Don's Blog: August 2021

Clay Shaw/Man of a Million Fragments: The True Story of Clay Shaw/Dueling Voices/I Lost It at the Beginning/101 Reasons Not To Murder The Entire Saudi Royal Family/He Knew Where He Was Going (?)

Wednesday, August 25, 2021

Clay Shaw and the Actress Kay Francis

Clay Shaw knew the actress Kay Francis, who was a big film star during the first half of the 1930s. Her career plateaued during the second half of the 1930s, and declined from there forward. She struggled with alcohol and Rx drug issues and died at a relatively early age during the 1960s.

While researching Man of a Million Fragments: The True Story of Clay Shaw, I was told by at least one person that Shaw knew Francis, but I never resolved the facts of how they met, and how well they knew each other.

I recently found a website that summarizes entries from diaries that Kay Francis kept for decades. Those summaries reveal that Francis, who traveled frequently and widely in those years, had been to New Orleans in the late 1920s where she pursues a romantic (or physical) relationship with another woman. The affair didn't last long, and it is unclear whether she knew Clay Shaw that early.

However, an entry from 1953 revealed that Francis visited with Clay Shaw (and others) on a visit to New Orleans. Perhaps the actual diaries reveal more detail. They are located at Wesleyan University.

Thursday, August 12, 2021

Clay Bertrand character in Early Novel

 A number of people who have read one of my early novels, I Lost It At The Beginning, have asked about the Clay Bertrand character in that novel. Specifically, how the character relates to the real-life Clay Shaw.

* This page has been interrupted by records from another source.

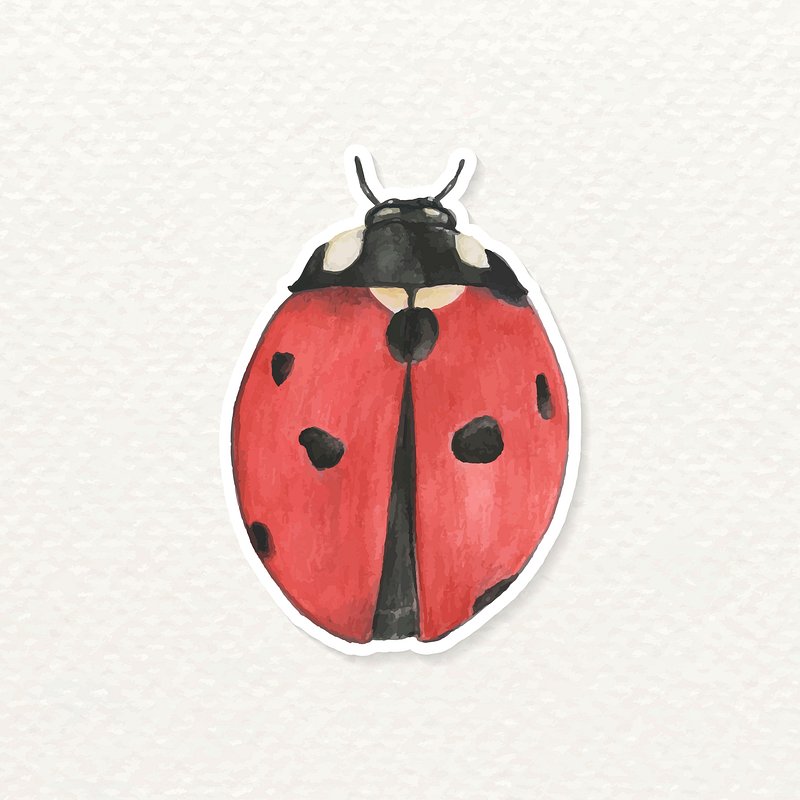 Ladybug Images  Free Photos, PNG Stickers, Wallpapers & Backgrounds -  rawpixel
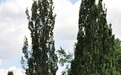 给你的花园拍张黑白照，就知道它究竟美不美 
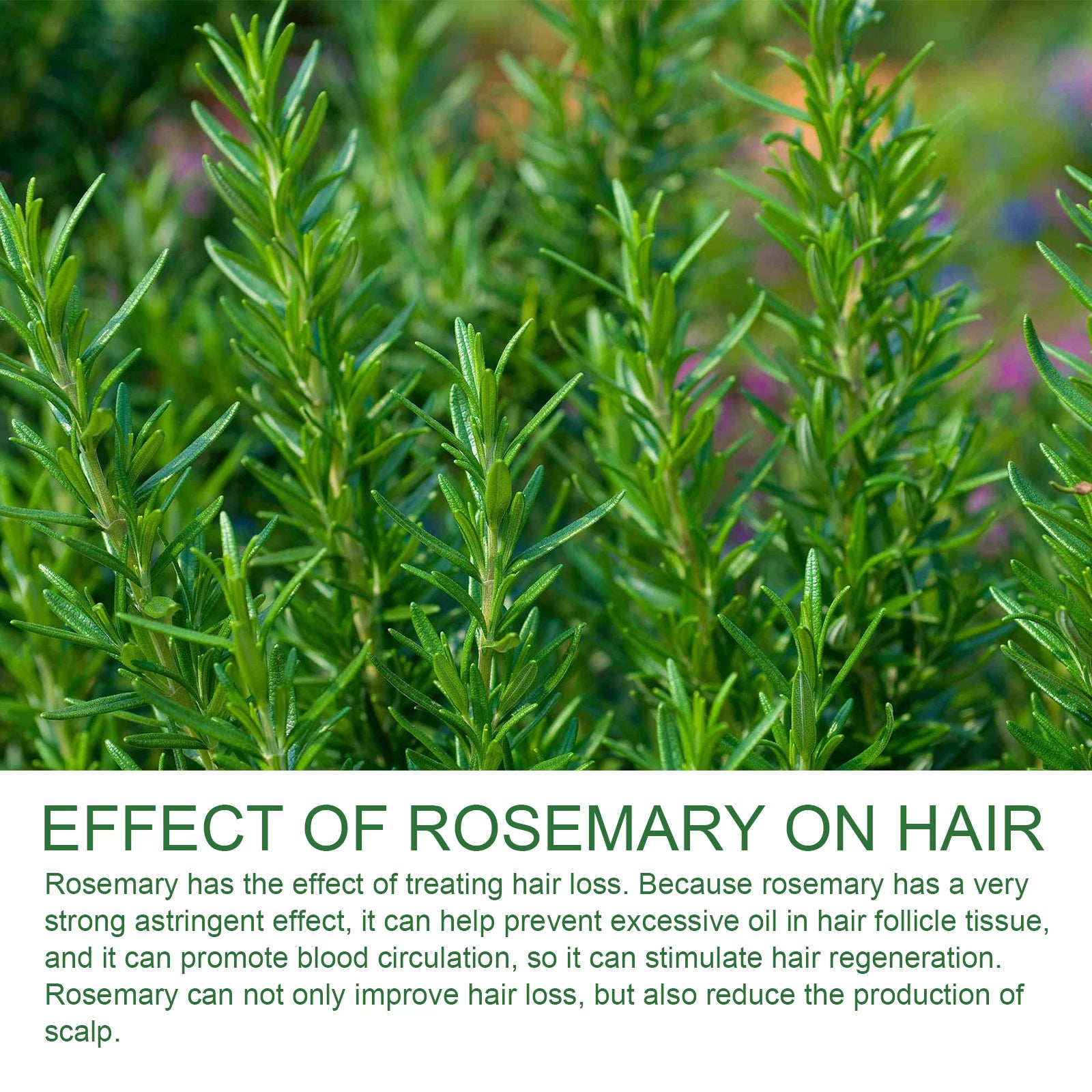 Rosemary Shampoo for Damaged Hair -  Glowcella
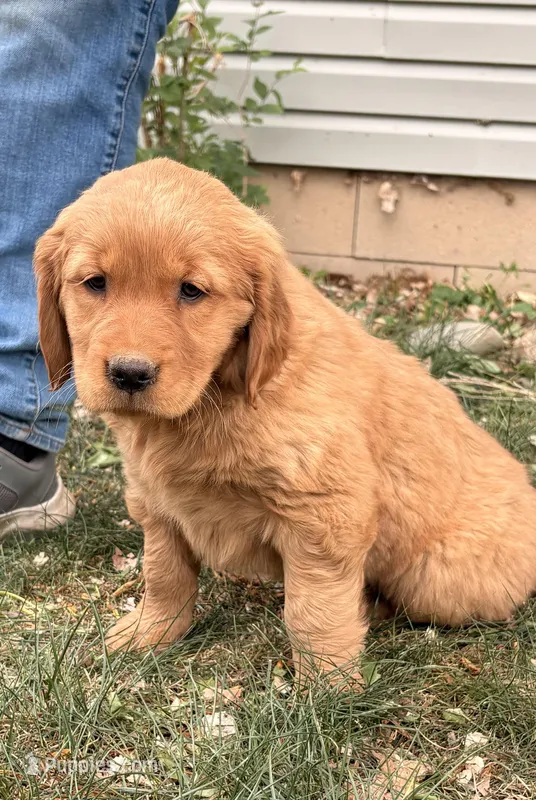 Eco – Golden Retriever puppy for sale in Delta, CO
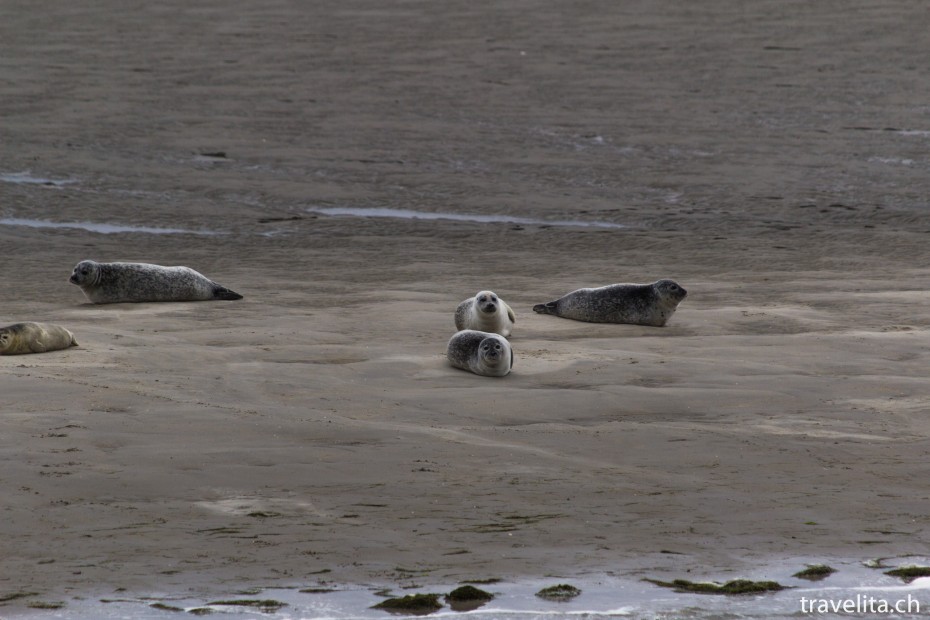 Wattenmeer_Seehunde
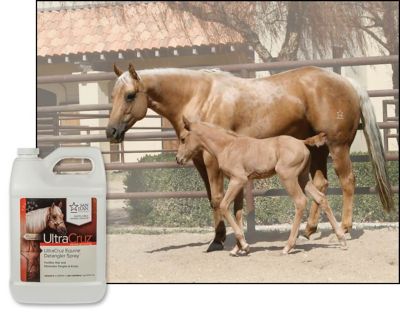 Image showing  Equine Detangler Spray for Horses, 1 gal.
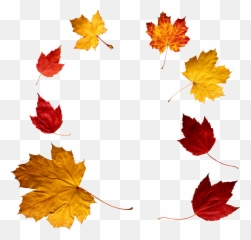 Download Leaf Circle Png - Overlay Falling Leaves Png Clipart Overlay Fall Leaves Png Emoji,Fall Leave Emoji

The passages were written during the spring and summer of 1994, at a time when I was toying with the idea of a full biography of Clay Shaw. My interest in that biography ultimately resulted, in 2013, in Man of a Million Fragments: The True Story of Clay Shaw, the most complete biography of Shaw ever written.

Since the novel was based in Louisiana, in an unspecified location some distance away from New Orleans, I got the idea of working the mysterious Clay Bertrand character into the fabric of the story. I never intended that the character represented the real-life Clay Shaw, but I did make him look like Shaw (in contrast to Dean Andrews's ever-shifting descriptions of Bertrand), and kept much of the elusiveness of the idea of Bertrand. I thought the ide came across well, and was very neatly integrated into the larger story.